Esto obliga a muchos de ellos a salir armados a realizar sus labores, y es ahí donde comienza, la segunda parte de la historia,porque los cuerpos policiales, y denuncian a las FAES, grupo que arremete contra los pescadores que porten algún tipo de armamento, acusándolos de delincuentes, según manifiestan los mismos pescadores.

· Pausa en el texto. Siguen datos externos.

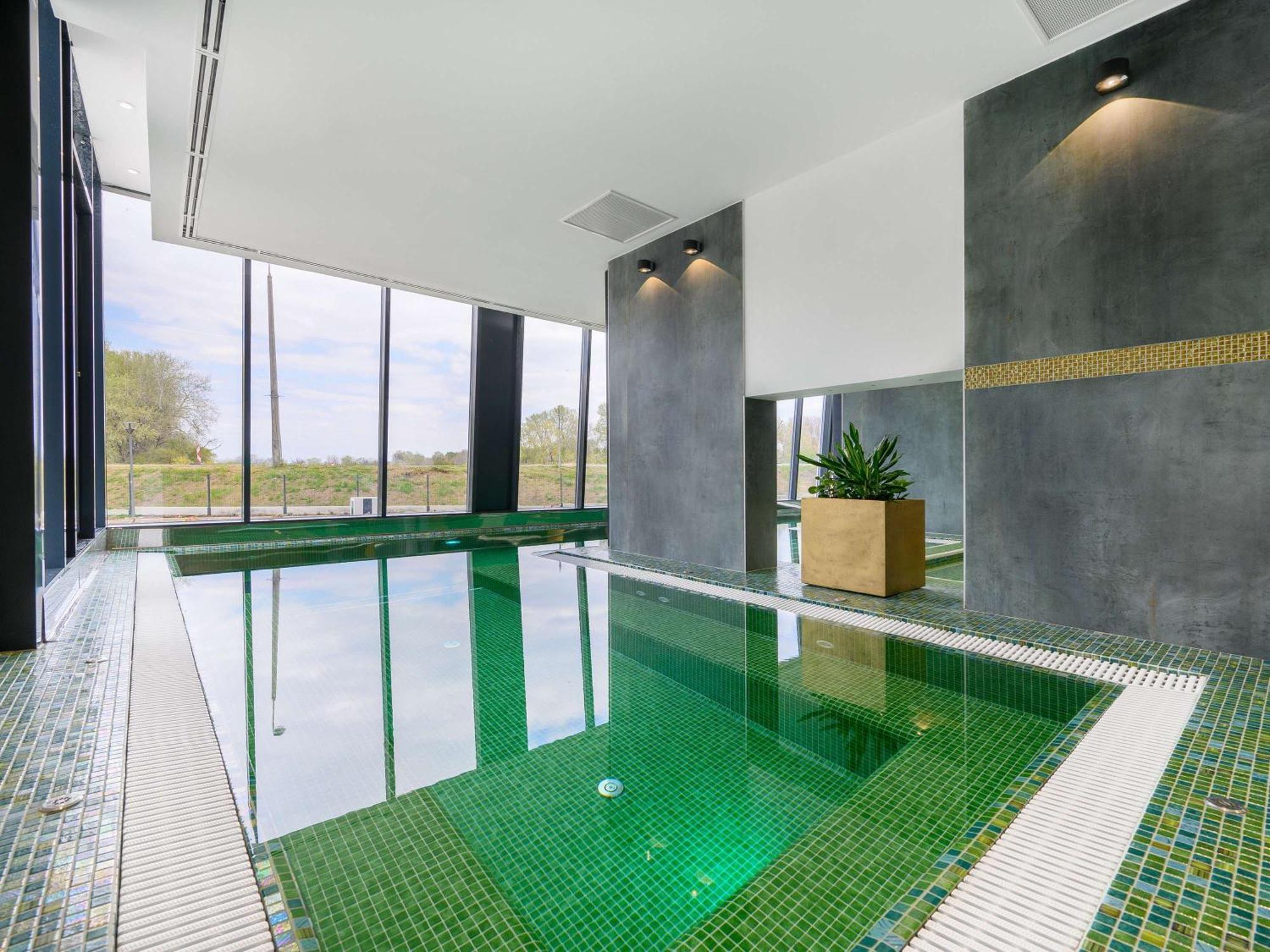 Mercure Tokaj Center Екстериор снимка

El epidodio más reciente lo relata, el humilde pescador, Eduard García Nava, padre de una de la víctimas de estas incursiones policiales ocurrida el pasado 11 de julio, en las playas del sector la antena de Santa Rosa de Agua, donde el joven, Carlos Eduardo Paz, de 25 años, fue muerto por las balas de una comisión de las FAES,
«Mi hijo no era ningún delincuente, se ganaba la vida en su faena diaria como pescador y me lo mataron impunemente, ya han pasado 13 días, por que no tengo dinero para enterrarlo».
Le hice la urna con el «cayuco» donde pesco, para poder sepultarlo. García hace el llamado a la fiscalía del Ministerio Público, a las autoridades regionales y comisiones de los derechos humanos a no dejar impune la muerte de su hijo.